QDP-0018: Observability, Audit, and Tamper-Evident Operator Log

Field	Value
Status	Phase 1 landed, audit log + query endpoints + automatic emission; Phases 3-6 pending
Track	Protocol + ops
Author	The Quidnug Authors
Created	2026-04-20
Requires	QDP-0010 (Merkle proofs), QDP-0012 (governance), QDP-0015 (moderation)
Implements	Operator-level accountability, tamper-evident admin log, structured observability

1. Summary

The protocol is auditable by design at the transaction level, every TRUST / IDENTITY / TITLE / EVENT / MODERATION_ACTION is signed and committed on-chain. But there’s a second layer of activity that isn’t in the transaction log:

Operator admin actions, config changes, validator set edits, peer additions, key rotations.
Ops-layer signals, health-check status changes, node restarts, middleware toggles, rate-limit threshold adjustments.
Cross-node operator coordination, when multiple operators agree on something off-chain.

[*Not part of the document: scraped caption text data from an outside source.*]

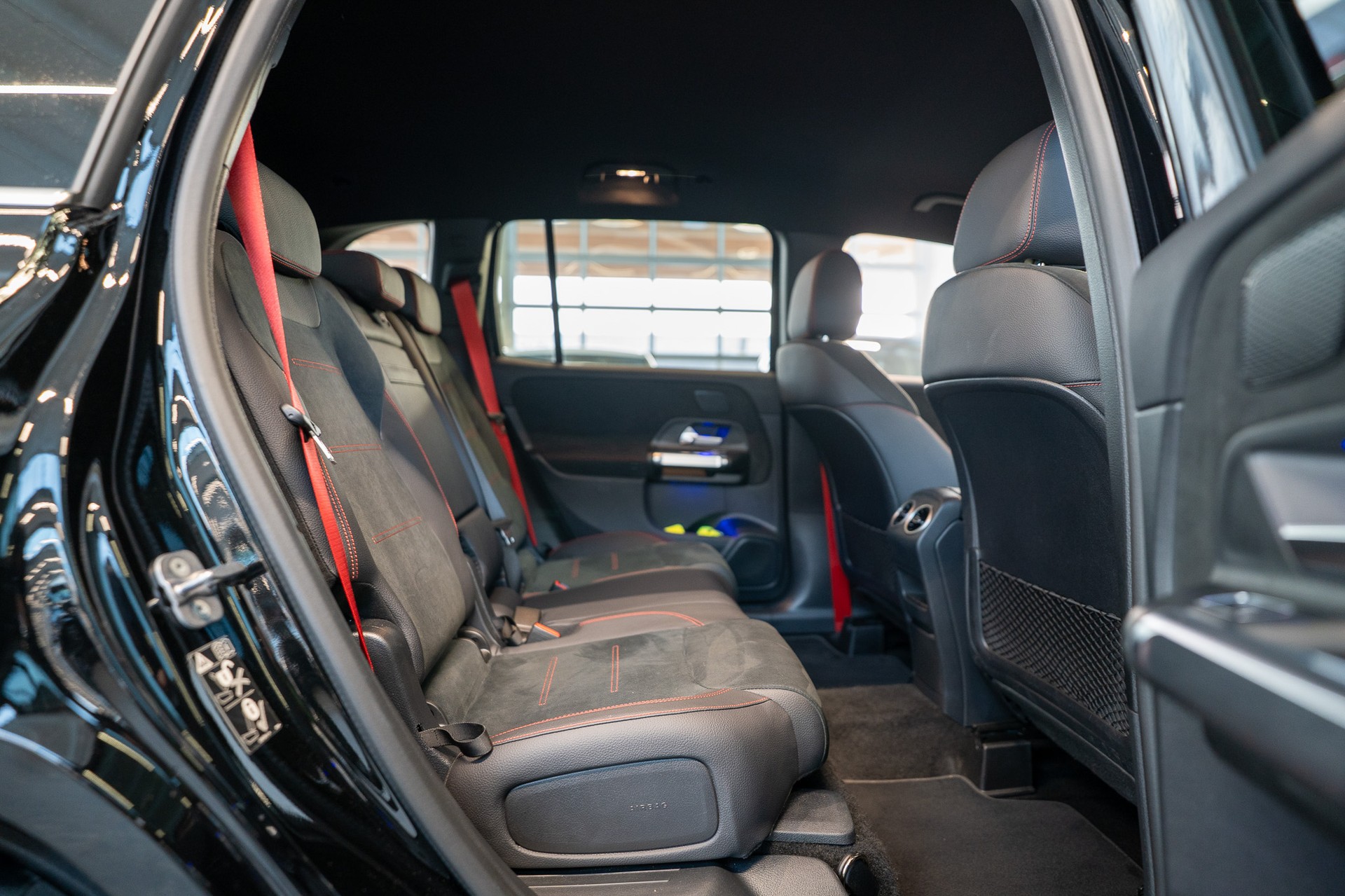 MERCEDES-BENZ GLB 35 AMG 4matic / Facelift / 360°Kamera / AHK-image-14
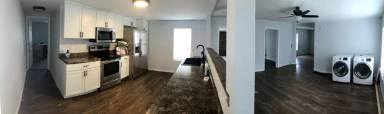Main picture of 313 S Dubuque St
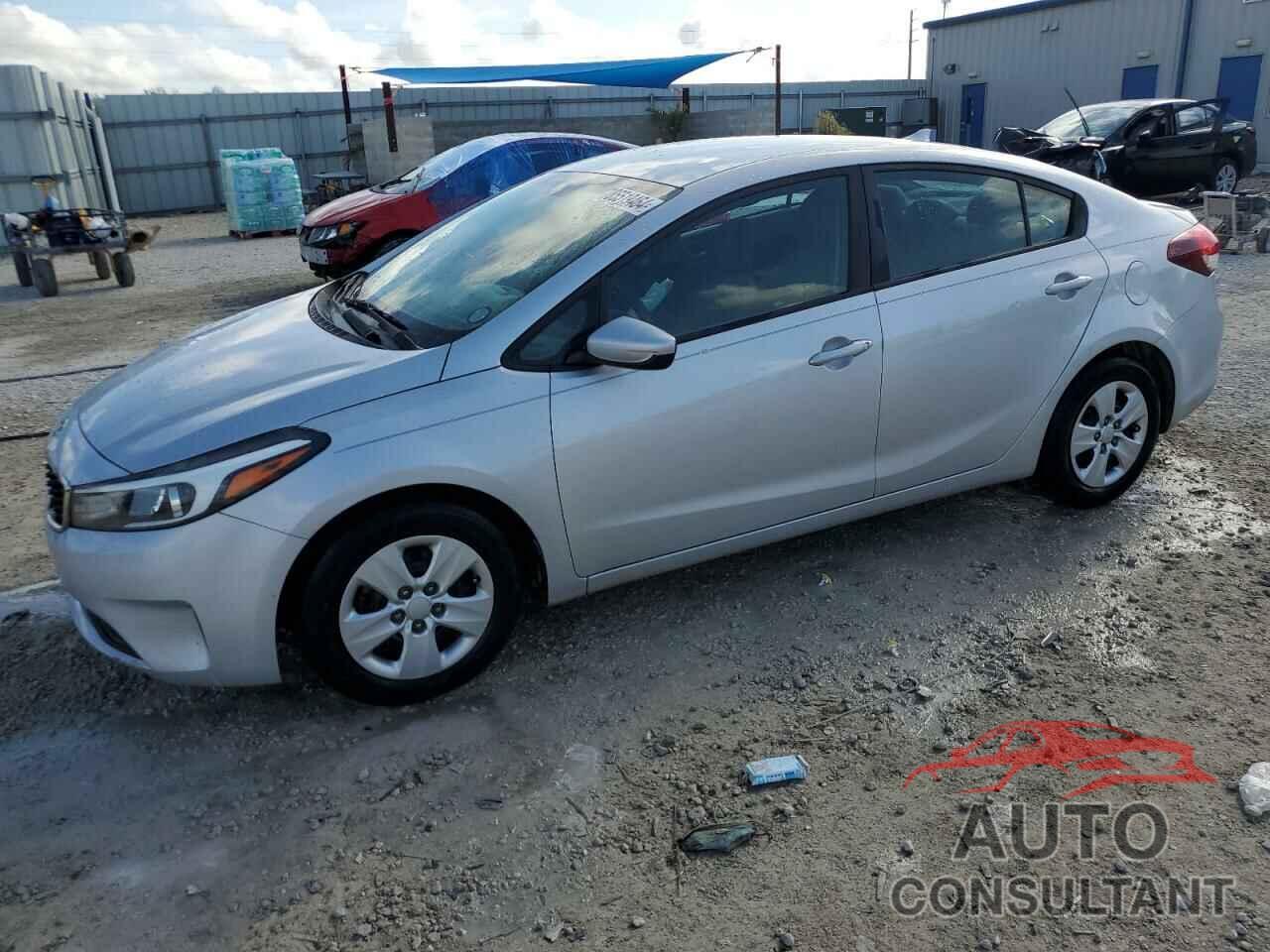 KIA FORTE 2018 - 3KPFK4A73JE240403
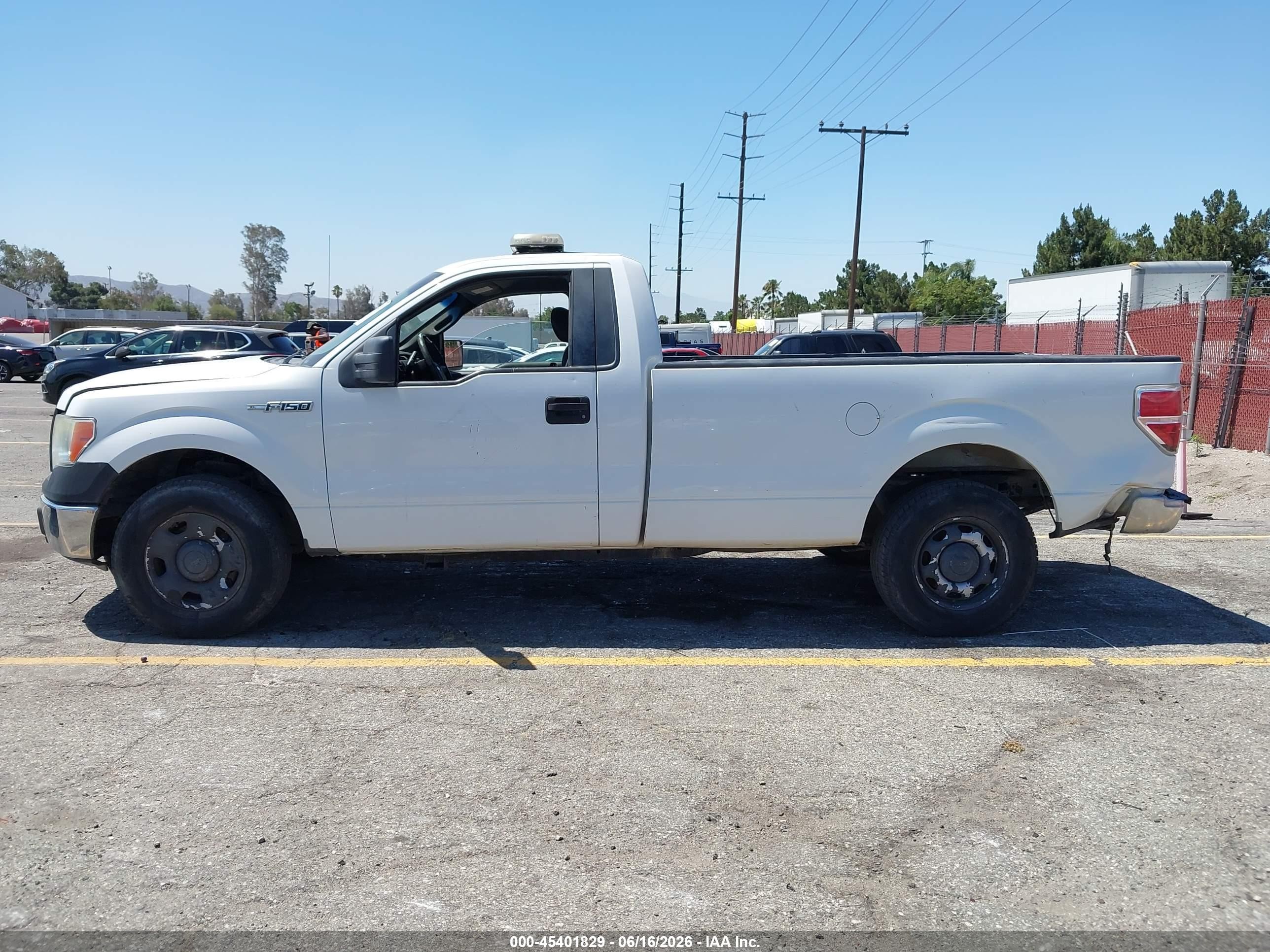 2012 Ford F-150 Xl White vin: 1FTMF1CM8CKD88625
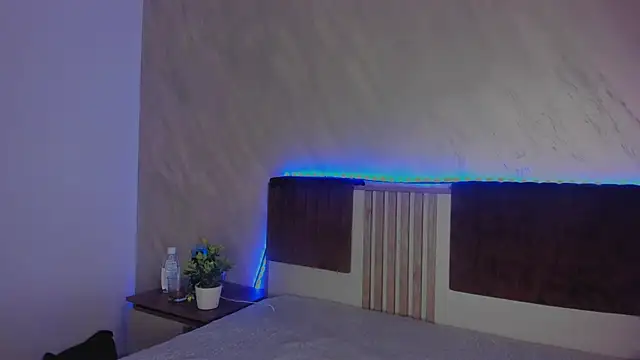 AliyaWade  online show from 10/25/25, 03:17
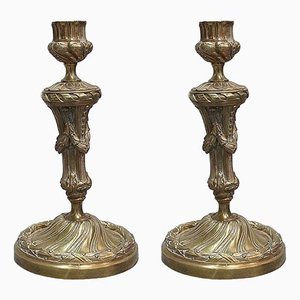 Candelabros estilo Luis XVI de bronce dorado, siglo XIX. Juego de 2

Right now these live in log files + Prometheus metrics + operator memory. That’s fine for small networks but inadequate for the trust story at scale: “how do I know this operator is behaving honestly?”

QDP-0018 adds a tamper-evident operator audit log, a per-node, append-only, Merkle-committed log of every operator action the node observes. The log is:

Chained, each entry commits to the hash of the previous entry.
Signed, the node’s key signs the chain tip periodically.
Public-verifiable, anyone can ask “give me the log since hash X” and verify the entire tail.
Independently queryable, external auditors can scrape the tip without needing operator cooperation.

Plus it adds structured observability primitives:

Metrics standardization, every major flow emits the same label set across every operator.
Structured event emission for admin + ops events, using the existing EventTransaction shape (but on a dedicated ops.internal.<operator> meta-domain).
Alert-rule standardization so any Prometheus deployment can import a canonical set of alerts.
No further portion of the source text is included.